(DATA EXTRACT Opens)

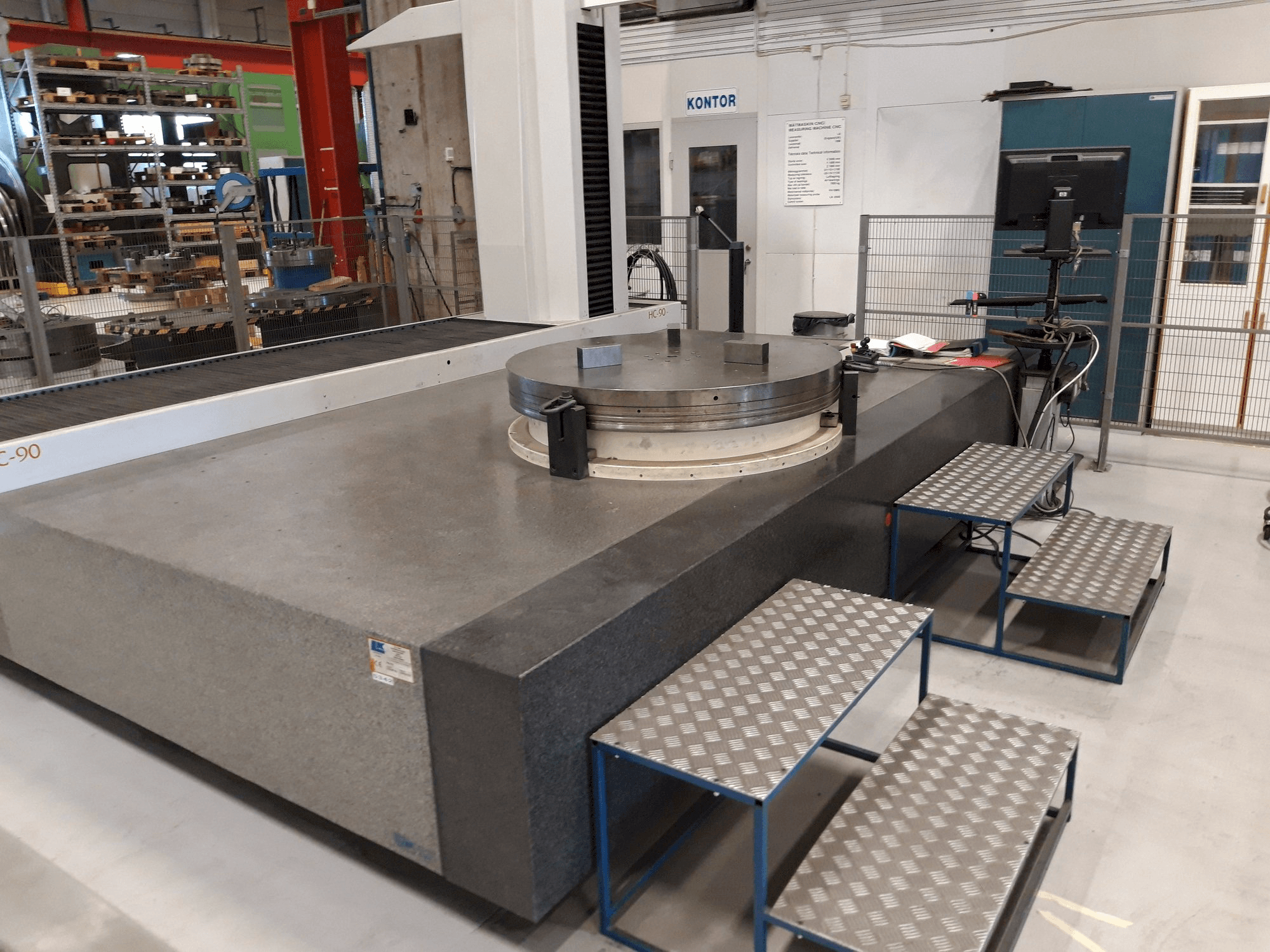 Vista frontal de la máquina LK HC90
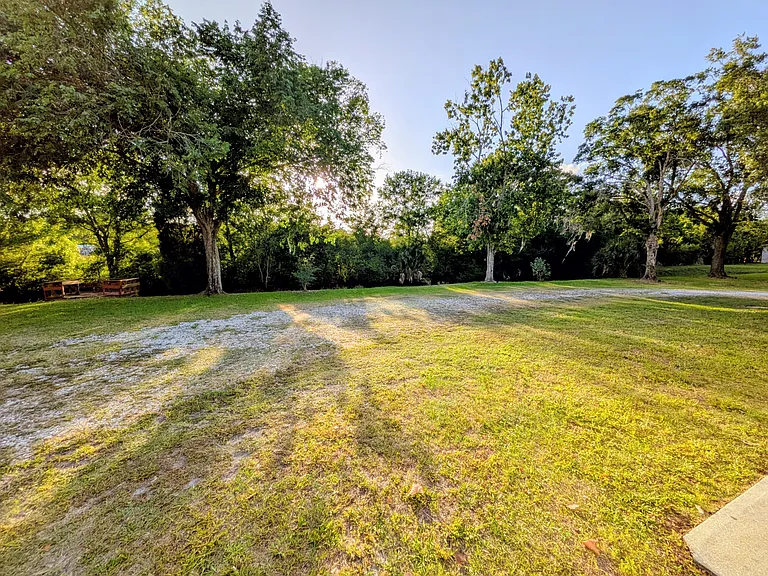 5740 Floy Dr — Photo 7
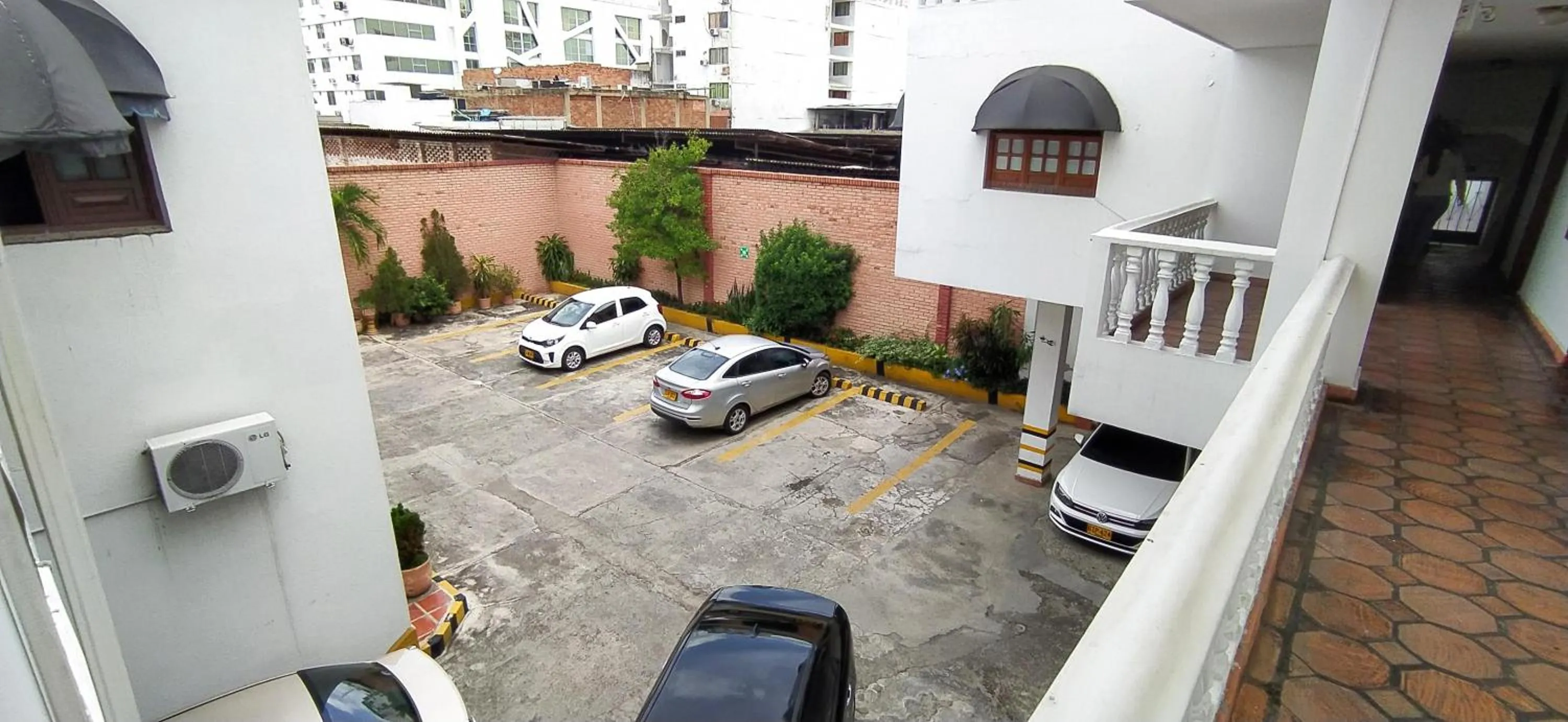 Parking in Hotel Zaraya
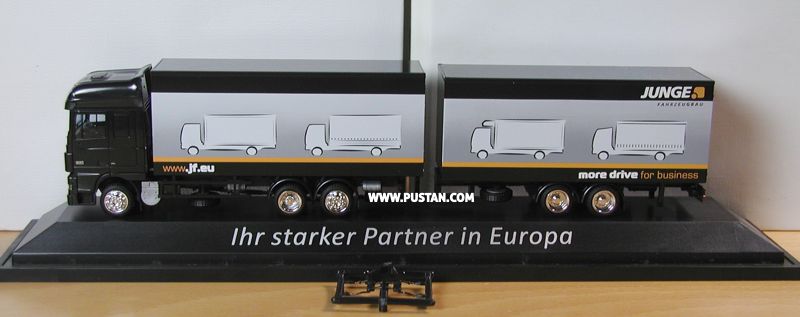 JUNGE Fahrzeugbau more drive for business www.jf.eu DAF 105.480 Euro5 Ihr starker Partner in Europa Limited Edition Your strong partner in Europe Junge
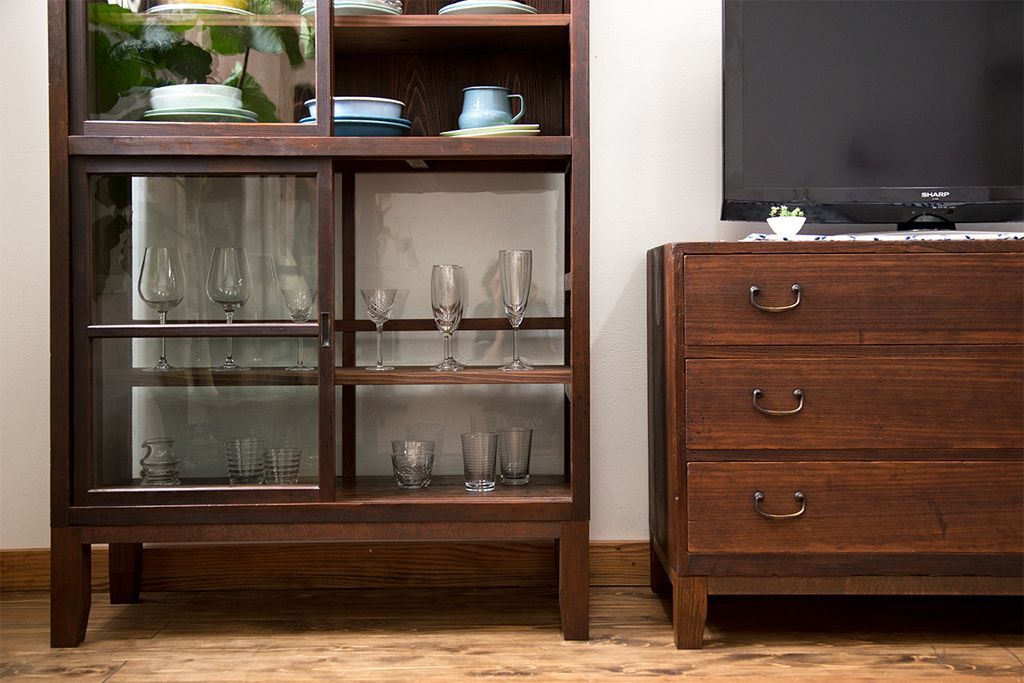 アンティーク家具　アンティーク　背面ガラスの脚付き収納棚(キャビネット、食器棚)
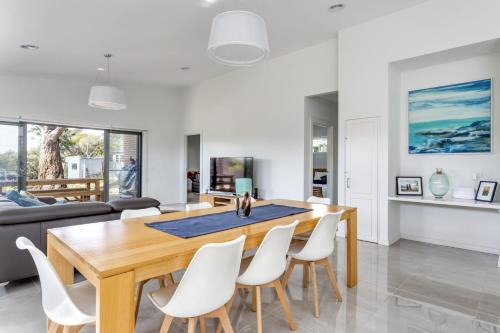 Sorrento Casa | Diamond Bay Beach House: brand new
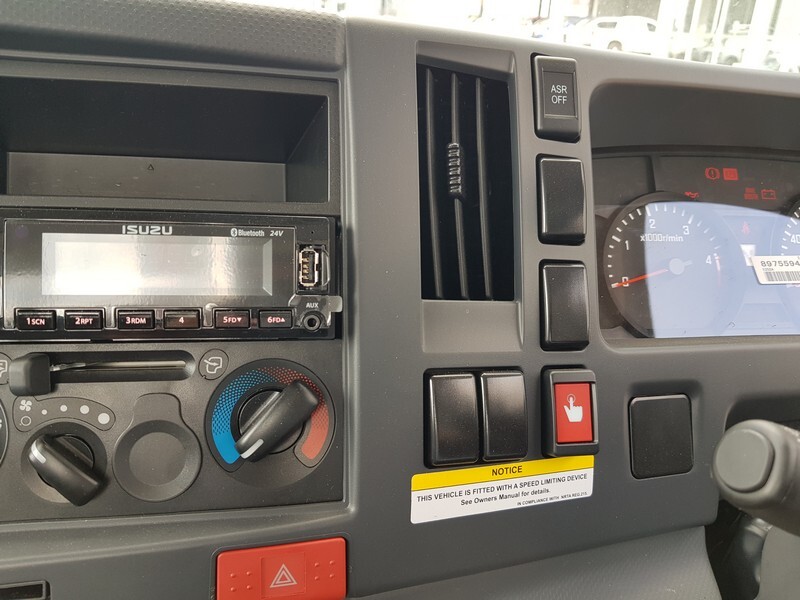 Isuzu N-Series NPR 275 AMT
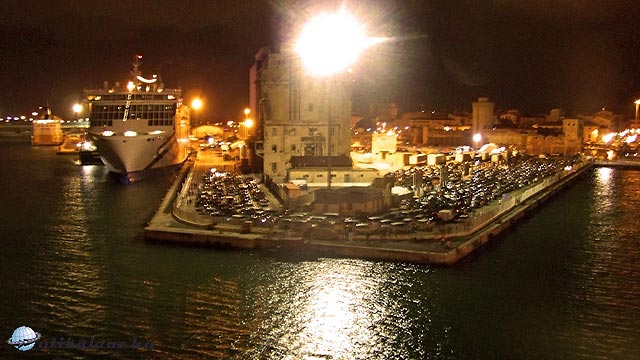 Livorno kikötője éjjel Olaszország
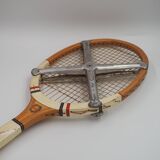 Tennis racket with maxima rachette tensioner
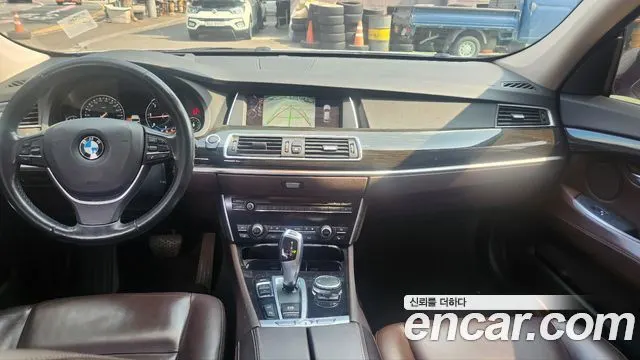 BMW 5 SERIES GT 2016 — 164 000 км, серебристо-серый, Корея — под ключ — фото 6
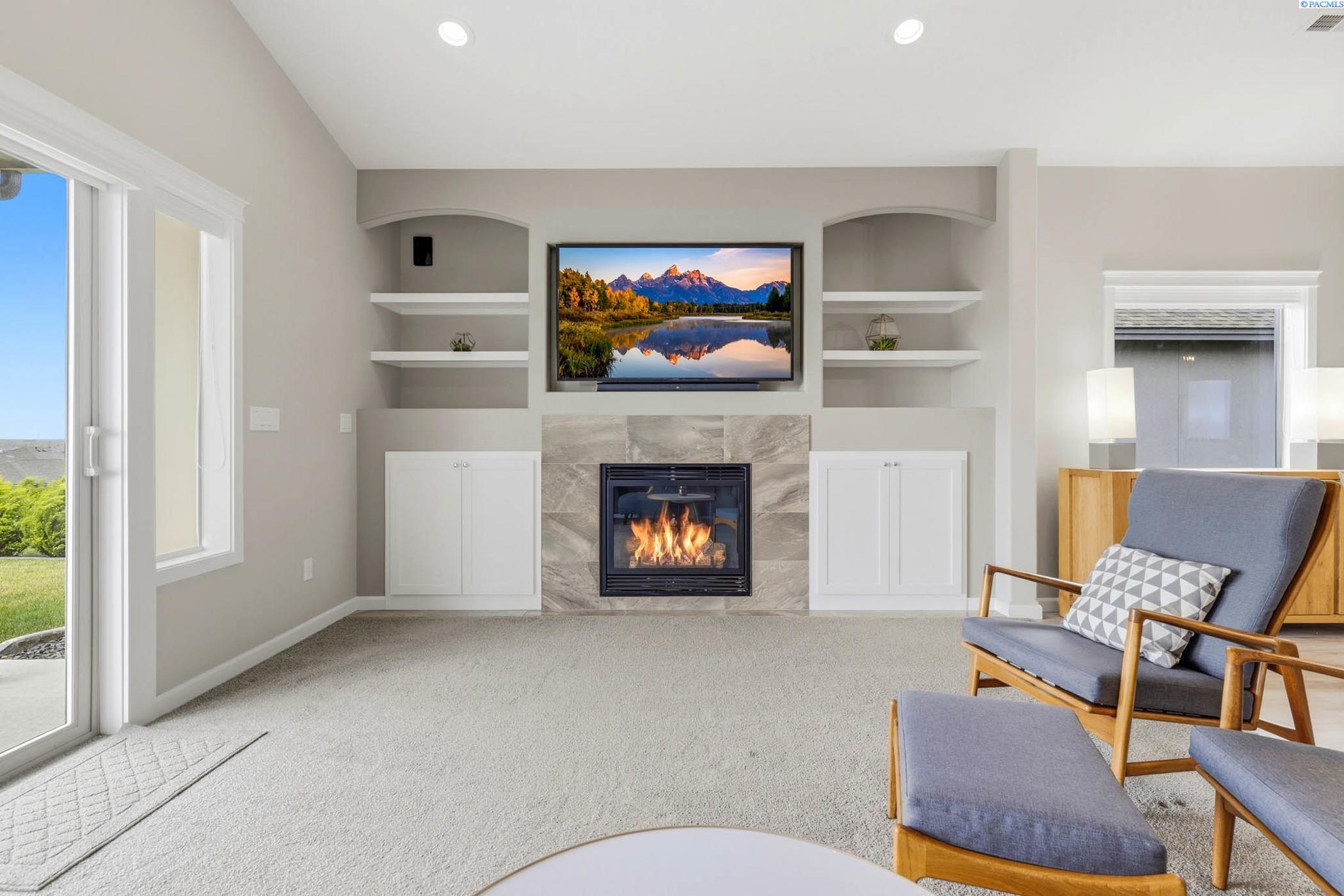 3161 Deserthawk Loop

(DATA EXTRACT Closes)

» **WORK INSTRUCTION**: Above are records; repeat only the lines from the line with "JUNGE Fahrzeugbau more" through the line with "Livorno kikötője éjjel Olaszország", and leave pictures out.

» **YOUR SOLUTION**:
 JUNGE Fahrzeugbau more drive for business www.jf.eu DAF 105.480 Euro5 Ihr starker Partner in Europa Limited Edition Your strong partner in Europe Junge
 アンティーク家具　アンティーク　背面ガラスの脚付き収納棚(キャビネット、食器棚)
 Sorrento Casa | Diamond Bay Beach House: brand new
 Isuzu N-Series NPR 275 AMT
 Livorno kikötője éjjel Olaszország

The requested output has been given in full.